Fraichement rentré au pays après une série d’activités en Europe, le président du mouvement IRA Birame Dah Abeid a tenu le lundi 11 octobre une conférence de presse au niveau de son siège au PK 10.
Le député a abordé d’emblée la question lancinante des concertations nationales en vue, « des concertations entre les différentes composantes de la classe politique et de la société civile que nous attendons avec religiosité et avec un immense espoir », dit-il.
« Une démarche suivie qui soit appropriée et inclusive »
Et de souligner que : « depuis 1978, les mauritaniens courent derrière un pouvoir qui les écoute et qui traite avec sincérité avec le peuple et la classe politique. » Et c’est chose faite et l’espoir que ces concertations soient couronnées de succès a été vivement émis par le conférencier qui a souhaité que la démarche suivie soit appropriée et inclusive.
Abordant la situation qui prévaut, il dira sans sourciller que les mauritaniens ont besoin d’un dialogue, d’une ouverture et d’une attention du pouvoir à leurs problèmes. Et de citer entre autres les inégalités sociales, « les problèmes des populations touchées par le cancer socio-structurel qu’est l’esclavage et celles qui avaient été victimes de l’épuration éthique ».
« Les gabégistes continuent à occuper des postes clés dans la haute administration »
Il a cité aussi l’ampleur de la gabegie, la pauvreté, le chômage et le désespoir suscités par l’échec des services publics avec l’inaccessibilité aux services sociaux de base (Education, Santé, eau potable, routes…)
Cet échec généralisé a, dit-il, été provoqué par la politique de gabegie avec la dilapidation des ressources publiques. Et la gabegie, a-t-il noté, bat son plein. « L’action judiciaire contre Aziz n’a pas été salvatrice et dissuasive pour les gabégistes qui continuent à occuper des postes clés dans la haute administration. »
Cette situation peu enviable n’est pas du goût de la jeunesse qui, selon Birame, est aujourd’hui une jeunesse consciente et éveillée qui aspire à une vie et à une gouvernance meilleure. « Cette jeunesse a les moyens d’investigation et de dénonciation.
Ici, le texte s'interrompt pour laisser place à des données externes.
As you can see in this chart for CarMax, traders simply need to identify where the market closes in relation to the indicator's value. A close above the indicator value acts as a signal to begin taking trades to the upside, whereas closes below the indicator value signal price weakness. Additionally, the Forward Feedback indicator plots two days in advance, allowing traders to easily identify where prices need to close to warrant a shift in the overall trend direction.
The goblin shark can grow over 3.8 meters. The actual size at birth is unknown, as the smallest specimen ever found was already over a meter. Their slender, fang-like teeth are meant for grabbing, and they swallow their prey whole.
Il y a possibilité de contestation publique du pouvoir en place mais il y a aussi possibilité de créer le désordre. »
« Nous frôlons le ras-le-bol populaire »
De ce fait le député a lancé un appel au président de la République et à ceux qui l’entourent : « Nous frôlons le ras-le-bol populaire. Les lignes rouges sont en train d’être franchies. Certains responsables gèrent avec insouciance et insolence. Et c’est ce qui a entraîné les problèmes de R’kiz. Le président de la République doit recevoir le pouls direct du peuple. Des mesures d’urgence doivent être prises. Avec la montée des prix, les foyers ne mangent plus à leur faim et basculent dans le désespoir. La vie est chère M. le président.»
« Le pôle IRA-RAG est engagé à soutenir ce dialogue »
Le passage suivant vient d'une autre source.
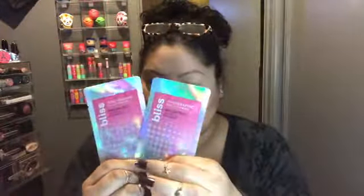Let me go through what I got. I got these holographic Bliss eye patches — I'm interested in trying these out, I think they're going to be fun. I also got this Girlactik eyeliner with a felt tip pen. I've actually owned this before and I really like it — it's super fine and super flexible, so I know I'm going to love this.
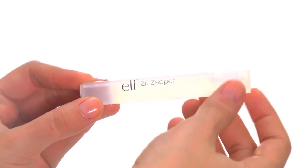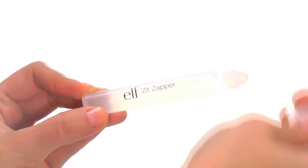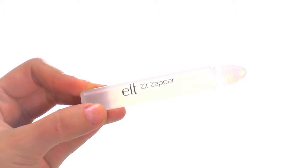Zap zits away with this unique blend of salicylic acid, tea tree oil, witch hazel and camphor.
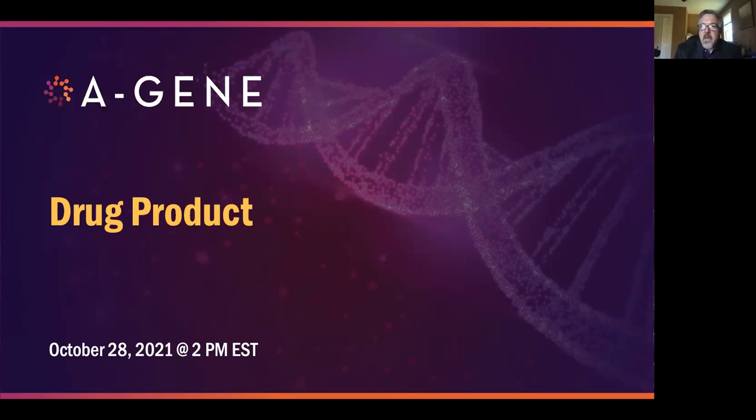Hello, everyone. My name is Michael Lemecki. I'm the Senior Director of Science and Industry Affairs at the Alliance for Regenerative Medicine. Welcome to today's webinar on the drug product section of the aging case study. This is the fourth in the series of webinars on the aging case study.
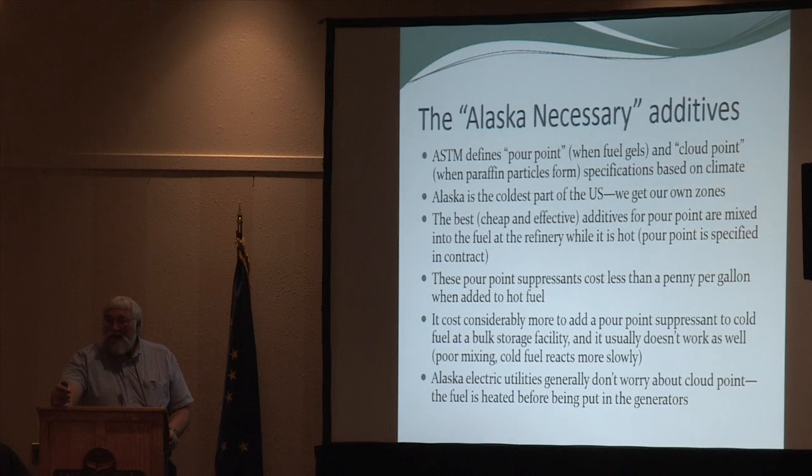When they take the sulfur out they also reduce conductivity — the property that prevents sparking and ignition — but they tend to add that additive back at the refinery. Then there are what I call Alaska necessary additives. ASTM D975 actually has three special zones for Alaska — cold, colder, and coldest — with pour point specifications based on the lowest typical annual temperature. In our zones we're supposed to have fuel that goes to a lower pour point than someone in Phoenix, Arizona, and typically that's achieved with an additive specified in the contract.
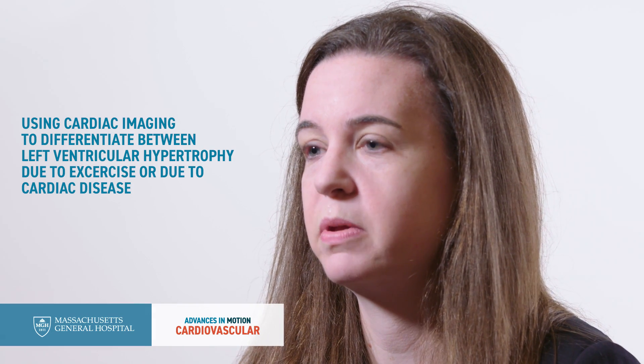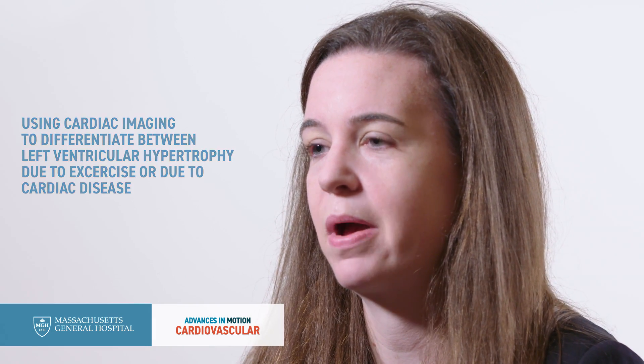Most commonly, the concern would be for a condition called hypertrophic cardiomyopathy. With the current clinical tools we have, it's sometimes very hard to distinguish between normal athletic remodeling and cardiac disease. There are huge clinical implications to this, because forms of cardiac disease that cause LVH, like hypertrophic cardiomyopathy, are the most common cause of sudden cardiac death in athletes.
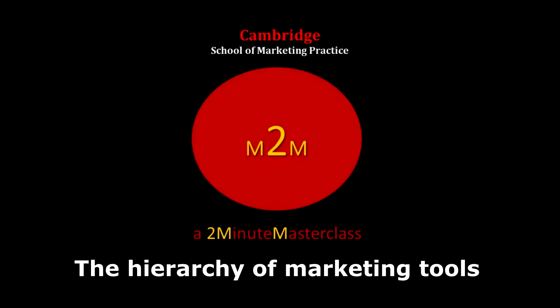We must set priorities in our selection of marketing tools. There are just too many tools to choose easily, and our teachers, the books, our professional bodies and the boss don't often tell us where to start.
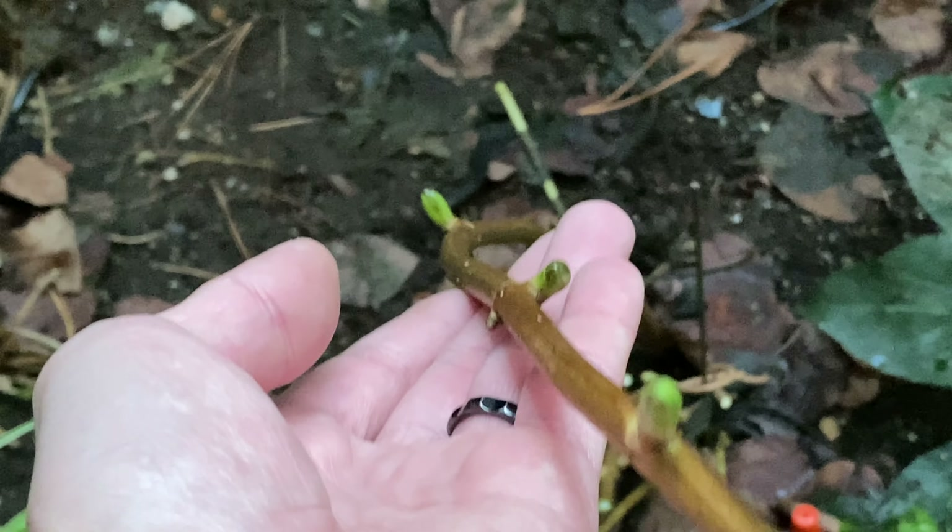This one has not quite opened yet. Here's a few more. A few more new flowers are forming from some of the branches.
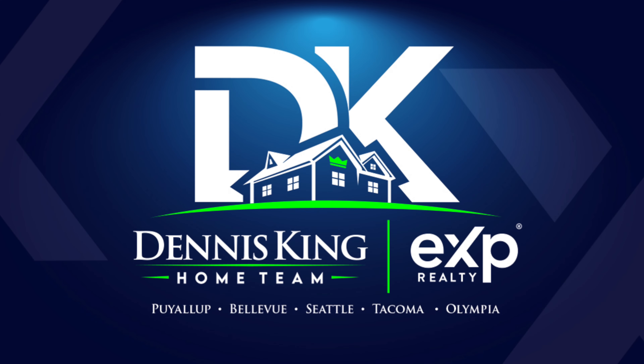Have you ever wondered what 2,720 square feet will get you here in Auburn, Washington? I'm about to show you. Welcome to 1008 W Street Northwest, right here in Auburn. It's four bedrooms, two and a half baths, and this place is pretty cool. I'm going to give you a tour and show you what $845,000 will get you here in Auburn, Washington.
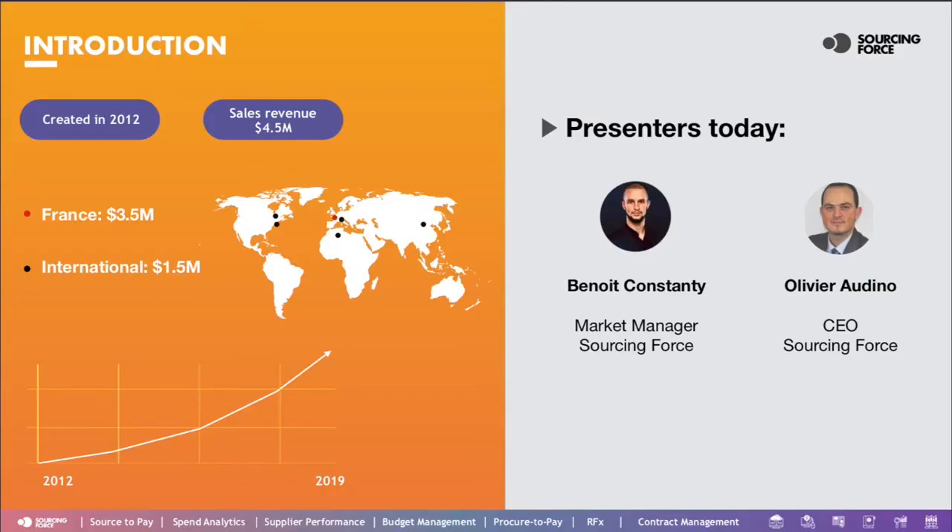A little bit of my background here. I'm Benoit, I'm in charge of the North American market at Sourcing Force. I've worked in the IT industry for nearly 10 years now, and what I do in a nutshell is help organizations build and develop scalable procurement digitization using e-procurement tools. If that sounds like gibberish to you, don't worry — we're going to come back to it in a bit and it should get clearer after this webinar.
Le président du mouvement abolitionniste a réitéré l’engagement du pôle IRA-RAG et sa disposition à soutenir ce dialogue qui pourrait permettre au président de la République « de voir son nom inscrit en lettres d’or dans l’histoire du pays en permettant aux acteurs de s’asseoir sur une même table et régler les problèmes du pays. » « Et pour que ce dialogue réussisse, ajoute-t-il, il faut qu’il soit entamé et conduit avec équité et clairvoyance. Il faut que tous les pôles soient pris en considération. Doivent également être prises en considération les mouvances que les pôles vont identifier. »
« Les engagements pris dans le cadre de l’accord tripartite doivent être respectés »
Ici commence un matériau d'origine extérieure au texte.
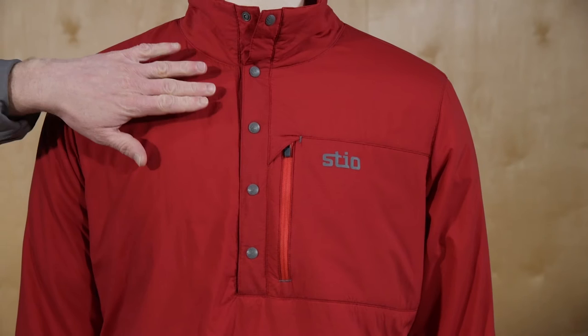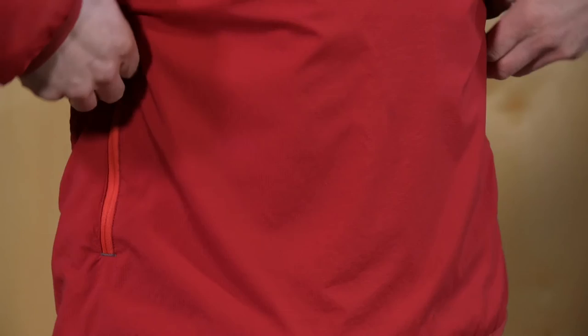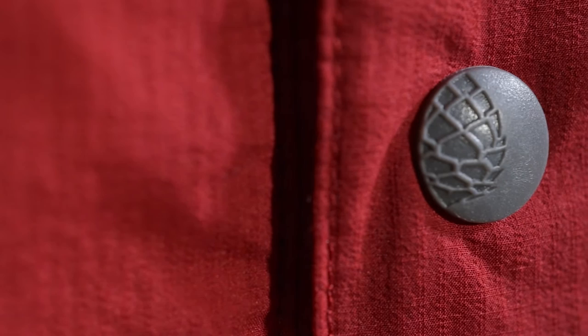A snap button placket adds style for rest day strolls around town, while zippered chest and kangaroo pockets store essentials and warm chilly digits. Signature STEO detailing includes custom pinecone embossed snaps and semi-locking YKK zippers.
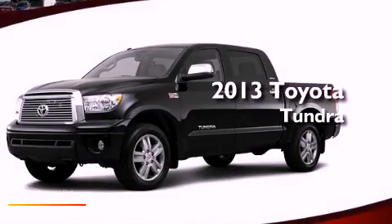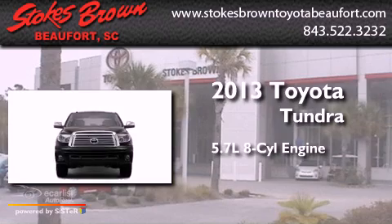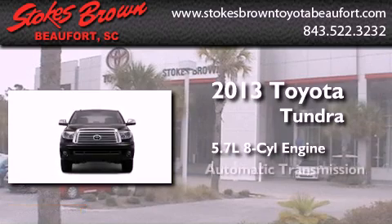This is a brand new 2013 Toyota Tundra. It features a 5.7 liter 8-cylinder engine and an automatic transmission.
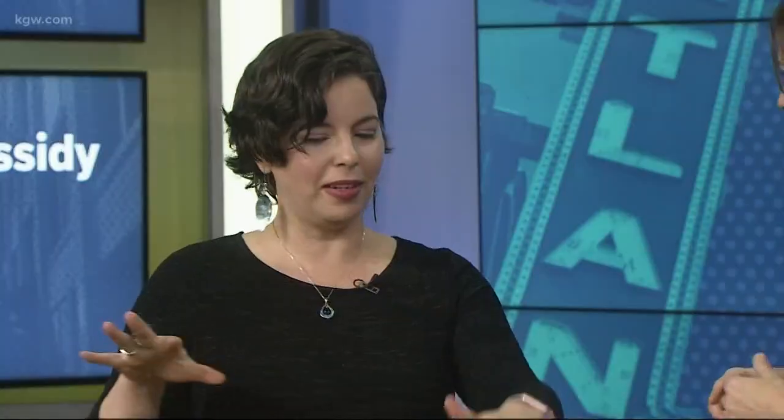Hazelnuts are a perfect addition to holiday cheese boards. Joining us tonight to show us how to put together a delicious Oregon-themed board is Fabi Donnelly, a local food blogger. She brought a plethora of hazelnuts and all Oregon products — really a hazelnut-themed Oregon cheese board.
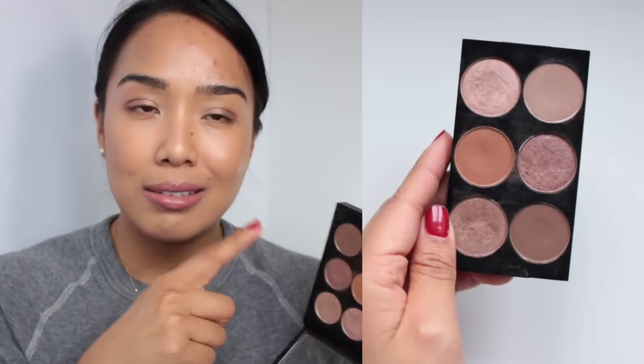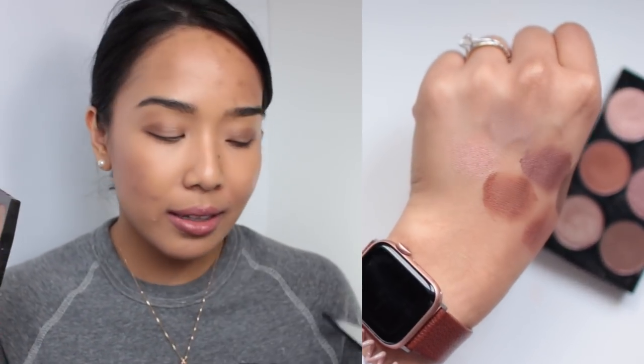Then we have eyeshadows. I decided to try to get through these MAC eyeshadows. I've had them for a while and I just don't reach for them, even though I love these shades — I handpicked them myself. If I remember correctly, I believe it's All That Glitters, Saddle, Sable, Espresso, Woodwinked, and Wedge. It's a warm neutral palette with a mix of three mattes and three shimmers. I'm actually wearing a few shades right now, and they still apply beautifully.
De l’avis de Birame, ces concertations doivent aussi concerner les ONG les plus en vue de la Société Civile, celles des Veuves et des Orphelins. Et d’ajouter que les rescapés des événements antérieurs doivent être prioritaires. La question des déportés rentrés au pays doit être réglée et les engagements pris dans l’accord tripartite (Mauritanie-Sénégal- HCR) doivent être respectés. Et l’Etat doit ramener ceux qui sont restés au Sénégal et au Mali. « Ce problème doit être réglé à la racine et définitivement. »
« La question des terres est fondamentale pour la cohabitation »
Autres chantiers soulevé : « Les dossiers de la gabegie et le système judiciaire qui est accaparée par une seule communauté à travers sa culture et sa langue. Beaucoup de justiciables ne connaissent pas la langue et il n’existe pas d’interprétariat digne de ce nom. »
L’esclavage agricole a été également a été abordé : « la question des terres est fondamentale pour la cohabitation. Elle est régie par un système féodal et moyenâgeux, un système comparable à celui des Faisandas de l’ancien Brésil. »
« Le problème de la proportionnelle doit être réglé sincèrement »
Sur le point concernant la gouvernance démocratique, Birame a parlé de la Proportionnelle. A ce sujet, il met en jarde le président : «Je souhaite que Ghazouani accepte de poser ce problème pour qu’il soit réglé sincèrement. Pourquoi cette course contre la montre du Conseil des ministres pour créer de nouvelles moughataas. Le président ne doit pas accepter que ses proches l’entrainent vers l’abolition de la proportionnelle aux législatives. Ça y ressemble beaucoup. L’UPR veut que la proportionnelle soit éliminée. Mais on doit l’élargir aux régions de Nouakchott et aux municipalités. »
« Le pouvoir était revenu sur la réforme importante du vote militaire »
Birame a par ailleurs parlé du vote militaire qui avait déjà connu une avancée significative, affirme-t-il. Ainsi les militaires votaient un jour avant le scrutin. Mais en 1993et 1994, ce vote n’avait pas été totalement favorable à l’Etat, c’est pourquoi le pouvoir était revenu sur cette réforme importante.
« En 2014, j’ai eu 7000 votes militaires et en 2019, il n’y avait aucune voix militaire pour moi. Dans les bureaux où se déroulait le vote militaire, les urnes avaient été bourrées. Donc il faut que cette situation soit revue. »
« Le pouvoir doit accepter la compétition »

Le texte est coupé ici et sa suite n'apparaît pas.